But for me, at least, this thread is less about MD fans than ACC fans, and fans of particular teams and schools who have found their fandom enriched by conference traditions.
That's not your personal take on college athletics, fine. But the ACC is (was) meaningful to many people and we're kind of bummed about what's happening.
Ed Cone |
Nov 20, 2012 at 09:55 AM
"the fact (and I consider it a sad fact) is that Maryland will be valuable to the Big Ten-Or-"
that's the point Andrew. Maryland mismanaged their athletics program so badly that they had to cut 7 sports this year. Because of their poor financial situation, they've been more or less forced to make a change.
The Big 10 certainly benefits from Maryland through expanded TV markets. They figure that more cable systems in the NE will carry the BTN network and they'll make more money from subscriber fees and advertising.
But, what does Maryland get out of the deal? A better financial position. Probably. Reduced success in revenue sports. I think likely. Much longer travel times for non-revenue sports and less attractive competition for sports they value such as lacrosse and soccer. definitely.
as for sour grapes, aside from the potential to split the ACC, most ACC fans could care less that Maryland is leaving. The ACC hasn't been the same since the post-FSU expansion. And Maryland is about as loved as South Carolina was in the early 70's.
formerly gt |
Nov 20, 2012 at 12:19 PM
if i had even a smidgen of romanticism regarding conference rivalries and affiliations, it readily deteriorated when the ACC plucked virginia tech, miami and boston college from the big east in the mid-2000's. toss in syracuse, notre dame and pitt into the mix, and i have an extremely hard time sympathizing with the emotions of the ACC fan. sorry if it stings, ed.
sean coon |
Nov 20, 2012 at 01:24 PM
The Big 10 has been on a mission to become a superconference and be in control of the footbal bowls/playoffs/championship/dollars, because they are not under any control of the NCAA.
Four football superconferences would be exactly what they want.
Nov 20, 2012 at 03:55 PM
"The Big 10 has been on a mission to become a superconference and be in control of the footbal bowls/playoffs/championship/dollars, because they are not under any control of the NCAA."
Big Ten Network=Big Deal=Big Maryland benefits.
And there are great big bunches of Mid Atlantic based Big 10 alumni and fans who like the Maryland and Rutgers deal.
This works thing for many different reasons.
Nov 20, 2012 at 06:49 PM
Try "works things", "thing works". Either one "works".
Nov 20, 2012 at 06:55 PM
It doesn't sting that you don't care about what people are gathered here to mourn, Sean.
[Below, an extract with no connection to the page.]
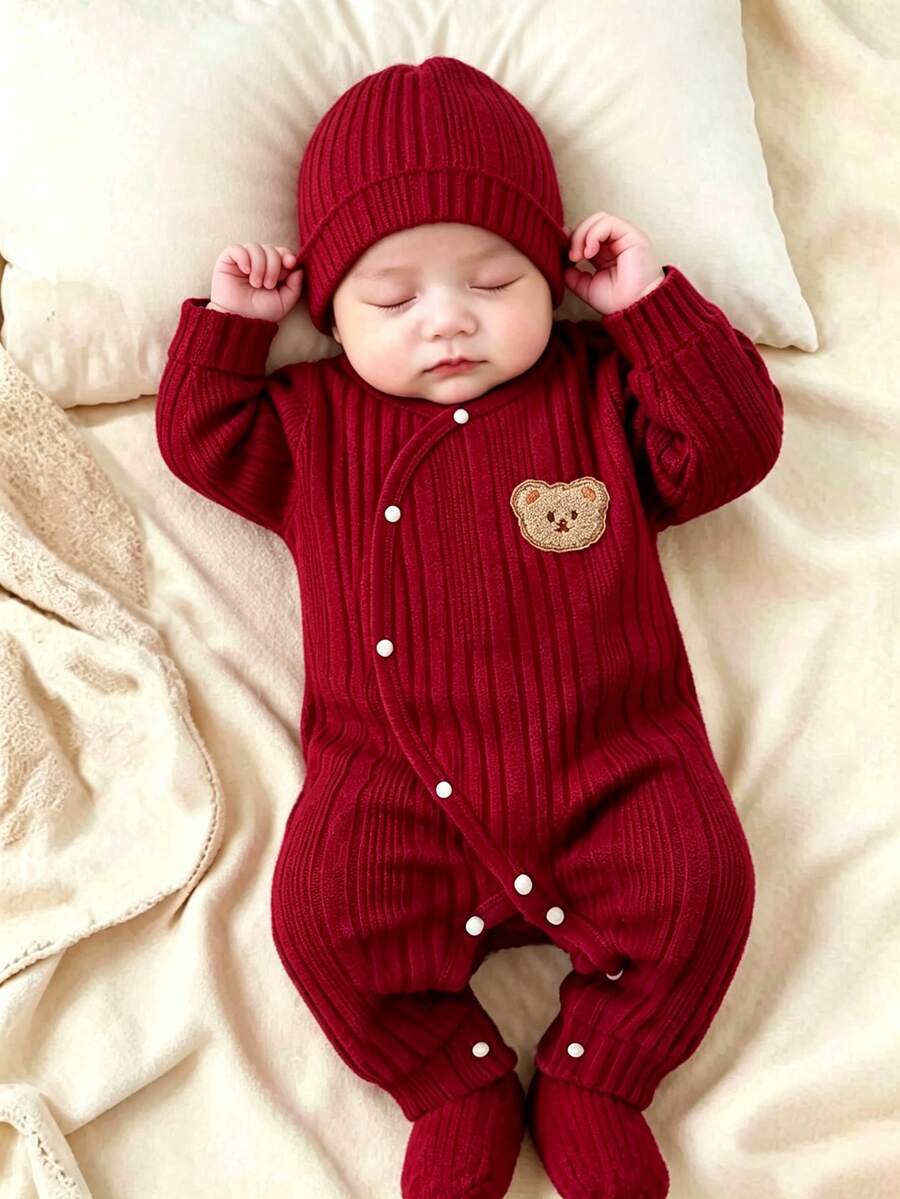 SHEIN Newborn Baby Bear Patchwork Cute Button Romper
Not everyone is interested in the same things. It just seems a little odd to show up at a wake to talk trash about the departed, and then keep repeating it.
The lamentations predate this move by several years, and expansion and raiding were among the things that made long-time ACC fans unhappy.
We had something good here, and I don't think most of us idealized it unrealistically (at least as adults), but we enjoyed it. Maybe that makes us chumps, and, also, our favorite bands all suck.
Ed Cone |
Nov 20, 2012 at 07:37 PM
Elmore /Lucas vs. Burleson/DT=EPIC. Poor ole tar holes were only top 5.
Nov 20, 2012 at 08:49 PM
Yeah, Sean, we didn't particularly care when Lebron left Cleveland but we didn't stick your nose in it (please don't go searching for that thread).
Worst person on the internet |
Nov 20, 2012 at 08:54 PM
haha. this is a wake? my bad. i'll leave my brownies on the counter and leave. wow. so melodramatic.
btw, great showing tonight against butler, all you not-UNC alumni fans.
sean coon |
Nov 20, 2012 at 10:11 PM
Best Maryland moment in the ACC.
Second best. Remember he's reverse dunking on a seven-foot shot blocking specialist.
Account Deleted |
Nov 21, 2012 at 12:01 PM
len bias... now that's a reason to mourn and hold a wake. such a waste of talent and humanity.